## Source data
************

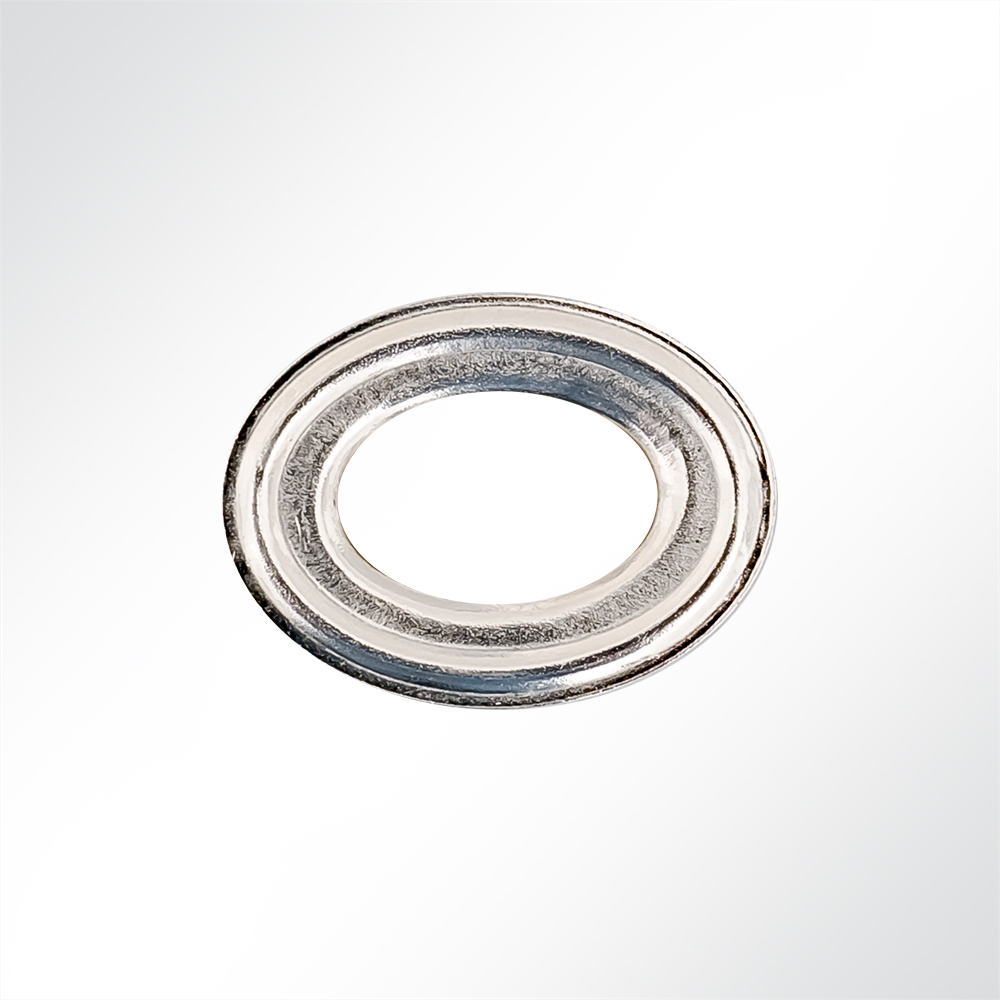 Artikelbild Ovalöse Messing vernickelt 15x9mm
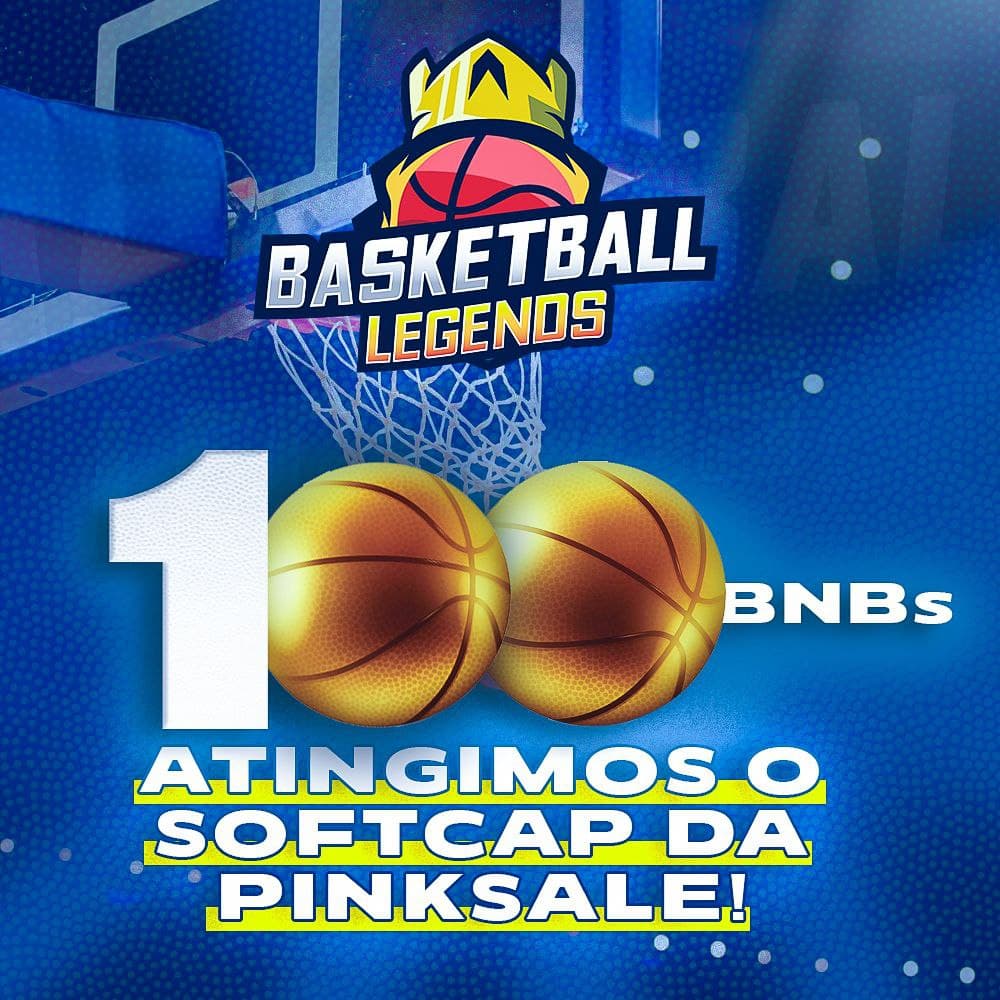 SOFTCAP ATINGIDO COM SUCESSOOO!!!! Agora o foco é buscar o Hard. E nosso DEV prometeu, se batermos o Hardcap, teremos o Sorteio de 1.5 BNB 😱😍🏀vamosssss:

Presale:pinksale.finance/#/launchpad/0x…

#basketball #NFTs #criptomoedas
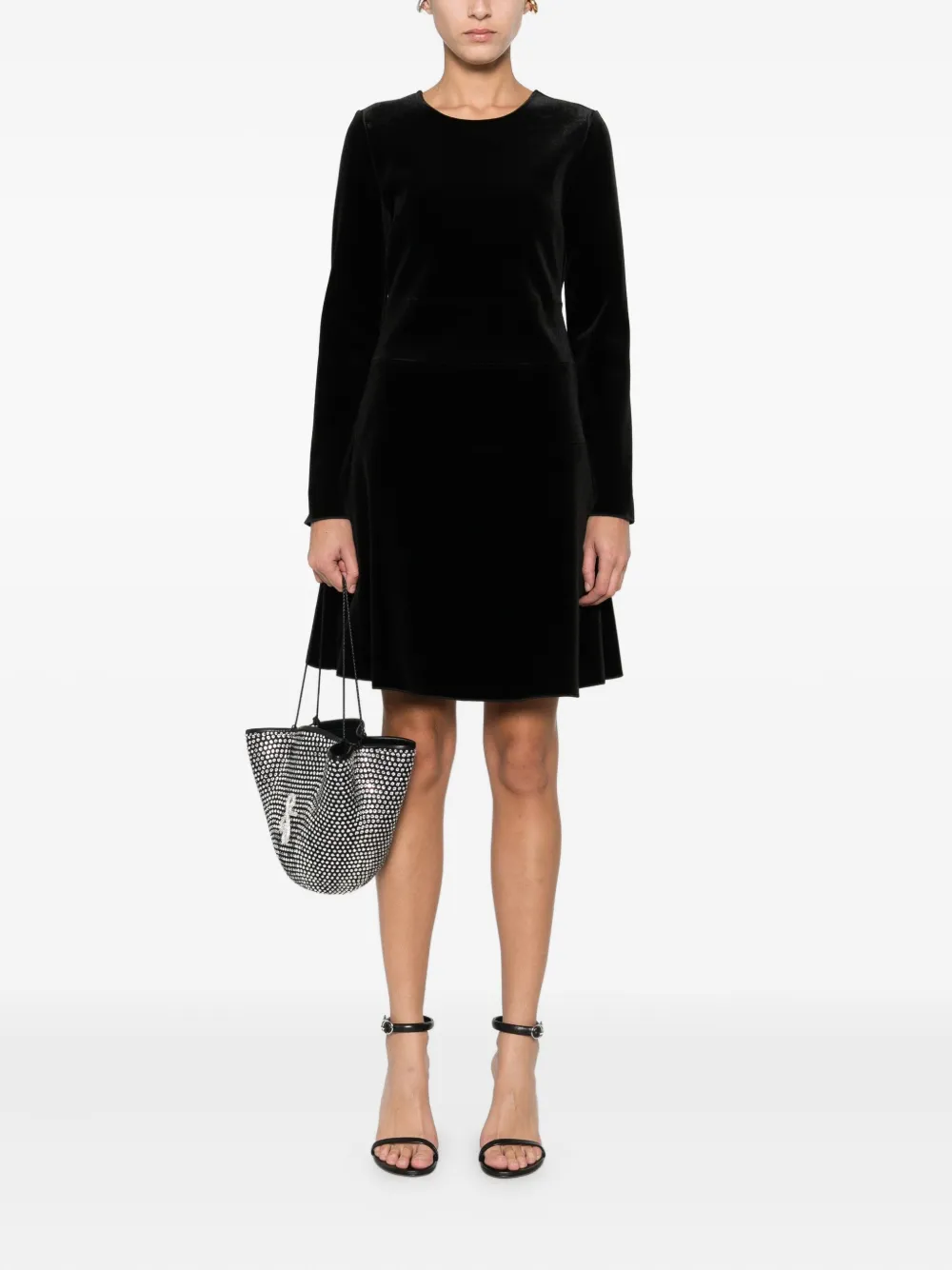 Emporio Armani Jurk met lange mouwen - Zwart
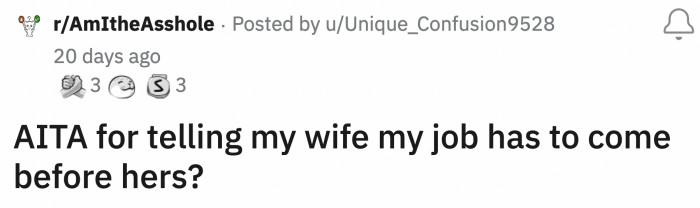 During OP's on call week, OP's wife got a message from her boss to fulfill an 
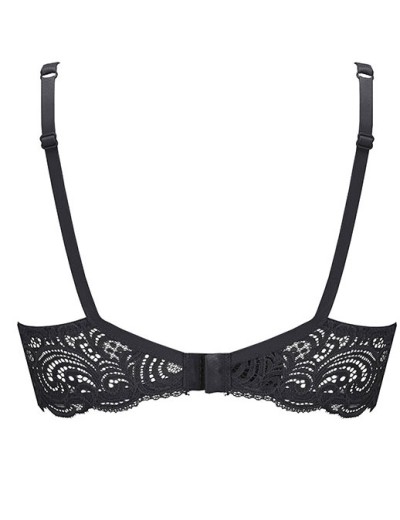 Бюстгальтер с глубоким вырезом Lormar FRIZZANTE V-BRA nero, Цвет: nero (черный), Размеры: 70C, изображение 2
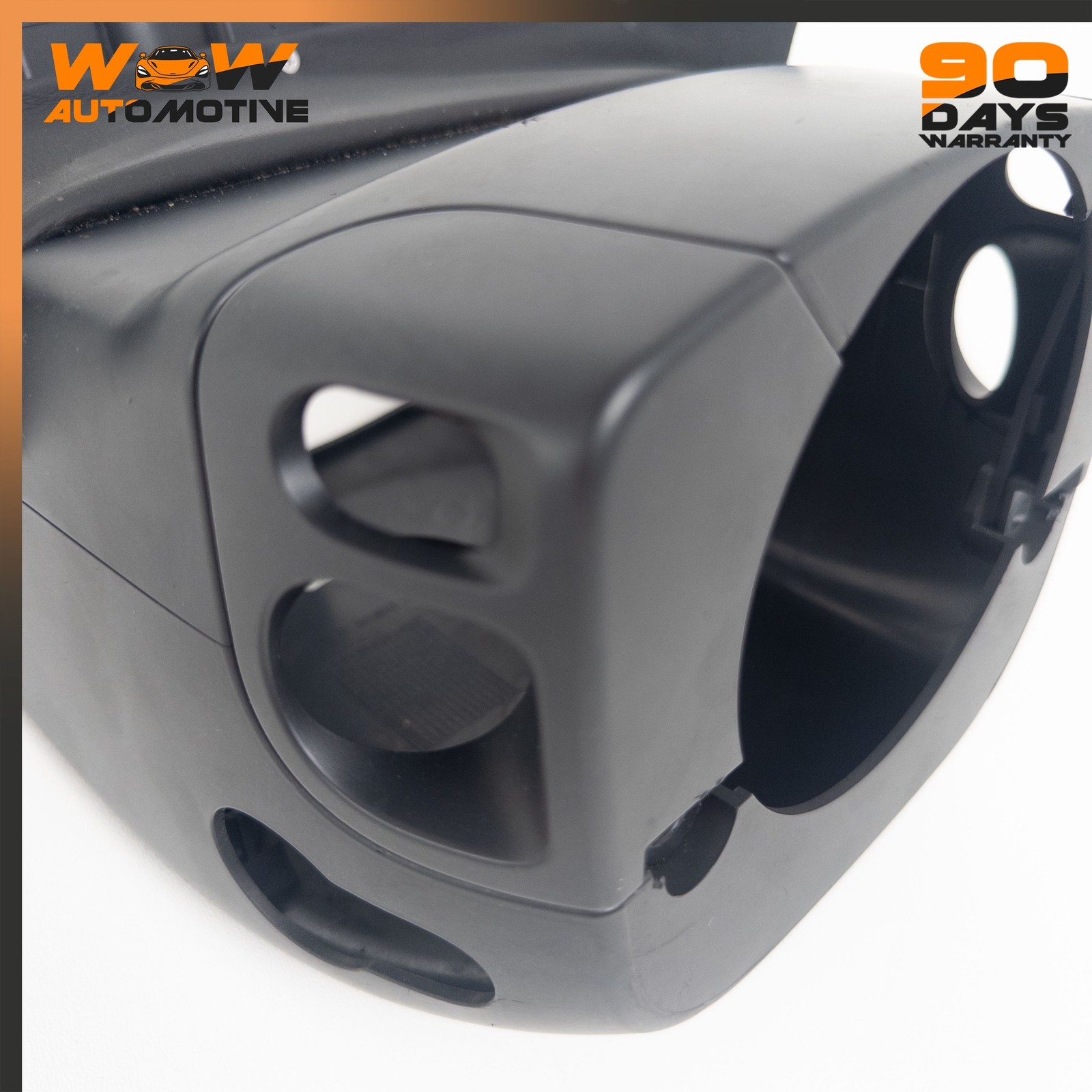 04-13 BENTLEY CONTINENTAL GTC STEERING COLUMN SPEEDOMETER COVER TRIM BLACK OEM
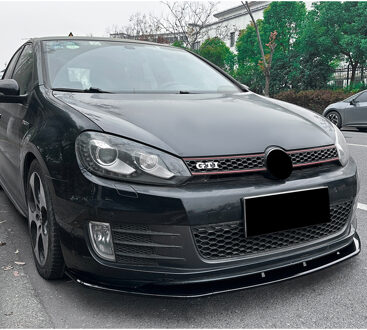 Volkswagen Voorspoilerlip passend voor Volkswagen Golf VI GTi 2008-2012 (Glanzend Zwart ABS) DXVVW33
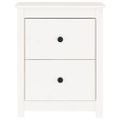 vidaXL Nočné stolíky 2 ks biele 50x35x61,5 cm masívne borovicové drevo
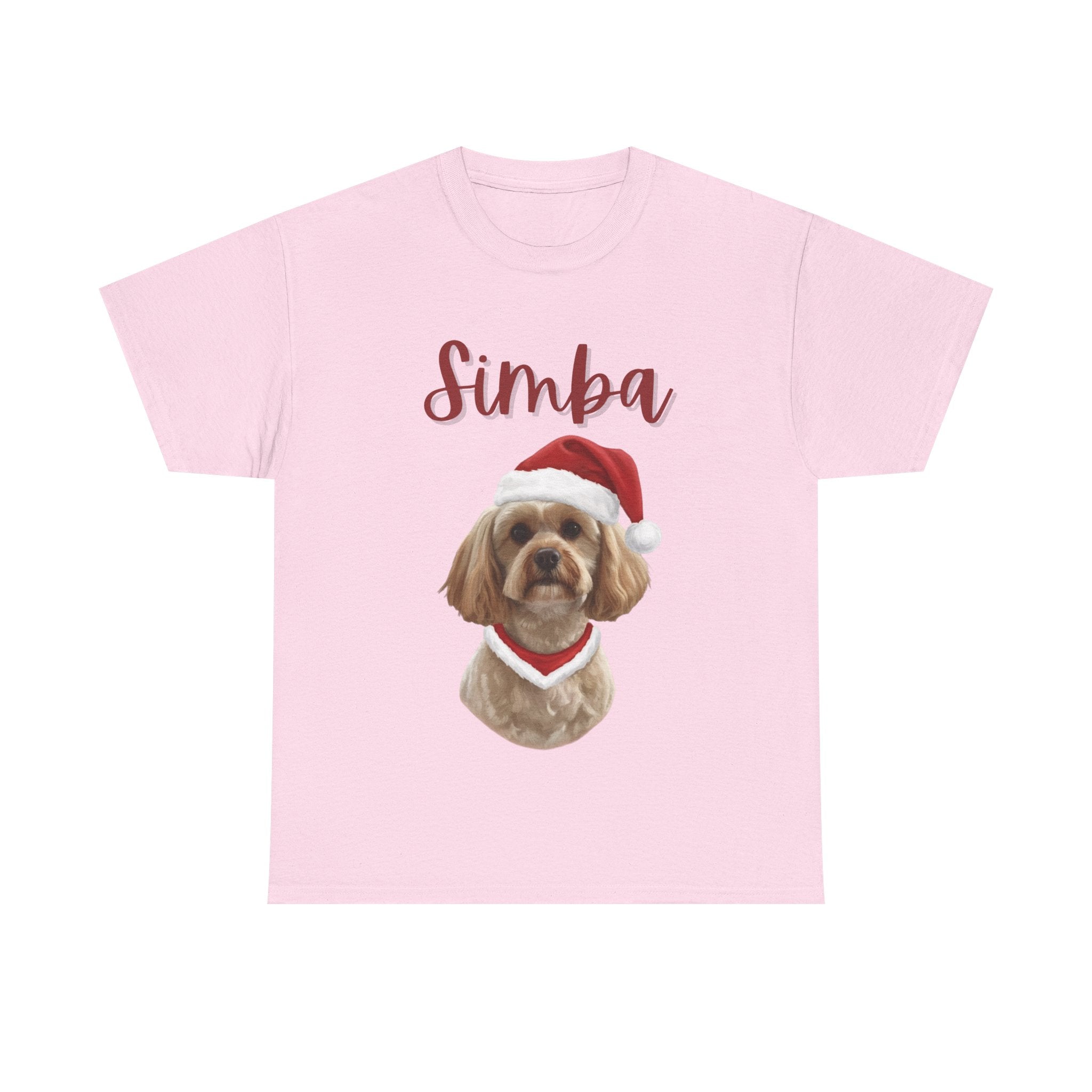 (Simba) Whimsical Dog Portrait Tee Shirt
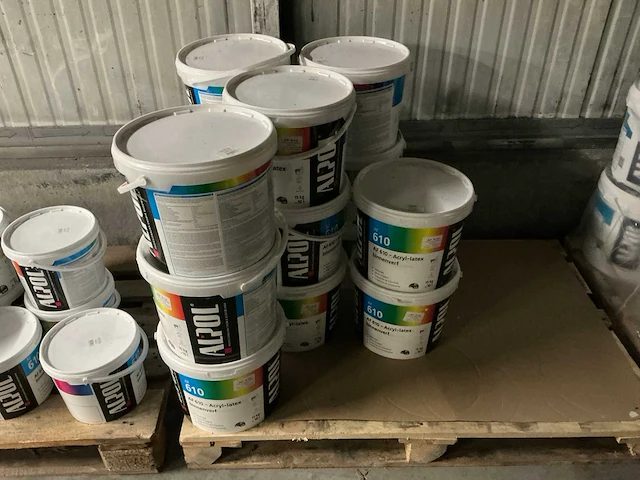 Verf klasse 2 ral 9003 muurverf 10 liter (14x) - afbeelding 2 van  4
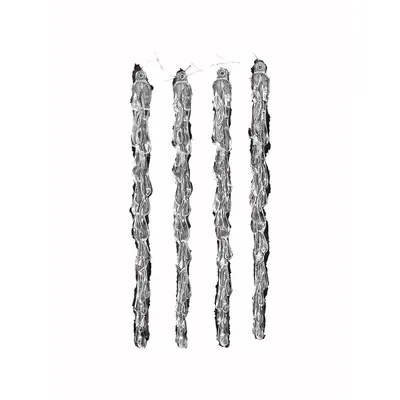 4 Pack Acrylic Icicles (8") - Set Of 2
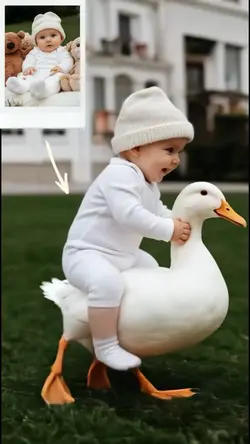 Baby ride duck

************

## Task to carry out
In the entries above, find the line containing "Бюстгальтер с глубоким"; transcribe exactly that line and every line after it through the end, and only those, omitting pictures.

## The completed task
 Бюстгальтер с глубоким вырезом Lormar FRIZZANTE V-BRA nero, Цвет: nero (черный), Размеры: 70C, изображение 2
 04-13 BENTLEY CONTINENTAL GTC STEERING COLUMN SPEEDOMETER COVER TRIM BLACK OEM
 Volkswagen Voorspoilerlip passend voor Volkswagen Golf VI GTi 2008-2012 (Glanzend Zwart ABS) DXVVW33
 vidaXL Nočné stolíky 2 ks biele 50x35x61,5 cm masívne borovicové drevo
 (Simba) Whimsical Dog Portrait Tee Shirt
 Verf klasse 2 ral 9003 muurverf 10 liter (14x) - afbeelding 2 van  4
 4 Pack Acrylic Icicles (8") - Set Of 2
 Baby ride duck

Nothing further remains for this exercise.